An internal notice by the airport, which was shared on social media, advised airlines to refund passengers or allow them to change their tickets if they were affected by the new checks.
Meanwhile, authorities in Wuhan, which has recorded 41 infections and one fatality, said they had also installed body temperature sensors at three key railway stations in the city.
The new measures come as Japan’s health ministry confirmed on Thursday that a Chinese man living in Kanagawa prefecture, just south of Tokyo, had contracted the virus.
Aged in his 30s, the man is said to have travelled to Wuhan earlier in the month, where he developed a fever. On his return to Japan he was admitted to hospital with pneumonia but was discharged five days later when his condition improved.
The case is the second to be confirmed outside China, after Thai authorities reported on Monday that a woman from Wuhan was receiving treatment in a hospital in Nonthaburi, just north of Bangkok.
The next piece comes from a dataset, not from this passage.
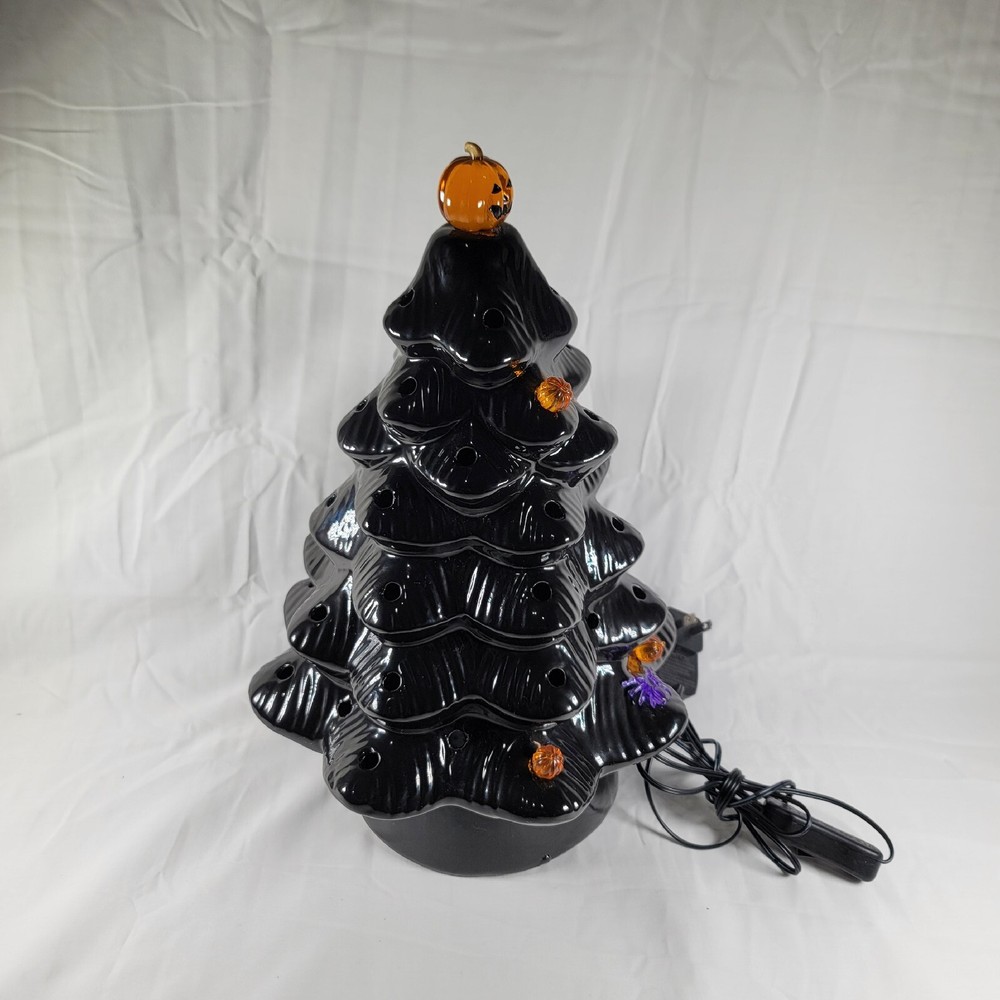 Mr. Christmas 12" Illuminated Ceramic Nostalgic Tree Black -Missing ORNAMENTS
She was admitted to hospital three days after developing a fever, sore throat and a headache.
Meanwhile, Vietnam’s health ministry said on Thursday that two Chinese tourists – a 22-year-old man and a three-year-old boy – had been placed in isolation after showing fever-like symptoms on their arrival in the country.
Blood samples from the two patients, who flew into Da Nang on Tuesday as part of the same tour group, were being tested to determine the cause of the fever, it said.
While Chinese officials have found no clear evidence to suggest human-to-human transmission of the virus, it has also not been ruled out.
According to the World Health Organisation (WHO), Japanese officials reported that although the infected man in Kanagawa had travelled to Wuhan, he had not visited the Huanan seafood market, which is thought to be the epicentre of the outbreak.
The market also sold live animals such as poultry, bats and marmots, along with wildlife parts, prompting concerns that the infectious respiratory pathogen emerged from an as-yet-unidentified animal reservoir.
The outbreak has also raised concerns that the coronavirus could spread from Wuhan, a major transport hub, to other cities during the Lunar New Year travel season, which is now under way.
The virus has captured worldwide attention because of similarities with the one that caused the 2002-03 outbreak of severe acute respiratory syndrome, which infected more than 8,000 people globally and killed more than 600 in mainland China and Hong Kong.
Other Asian countries have raised the alert with stricter checks on passengers at airports and other transit points since the outbreak, which was identified on January 9 as a new strain of coronavirus, since named 2019-nCoV by the WHO.
On Thursday, the WHO said it was working closely with officials in China, Japan and Thailand, and encouraged all countries to be vigilant.
“It is not surprising that there are cases outside of the People’s Republic of China and it is possible that there will be cases in other countries in the future,” a WHO spokeswoman said.
On Wednesday, the US state department issued a health alert about Wuhan, urging people travelling in the region to avoid contact with animals, animal markets or animal products, among other precautions.
On Thursday, officials from the Centres for Disease Control in Taiwan said they had put Wuhan on a higher level of travel alert as health authorities in the mainland city had been unable to rule out the possibility of human transmission.
Meanwhile, Hong Kong’s Centre for Health Protection said that as well as reporting cases of people suspected of developing respiratory symptoms after visiting Wuhan, medical workers should flag up patients who had visited a hospital in mainland China or had close contact with someone confirmed to have been infected with the new virus.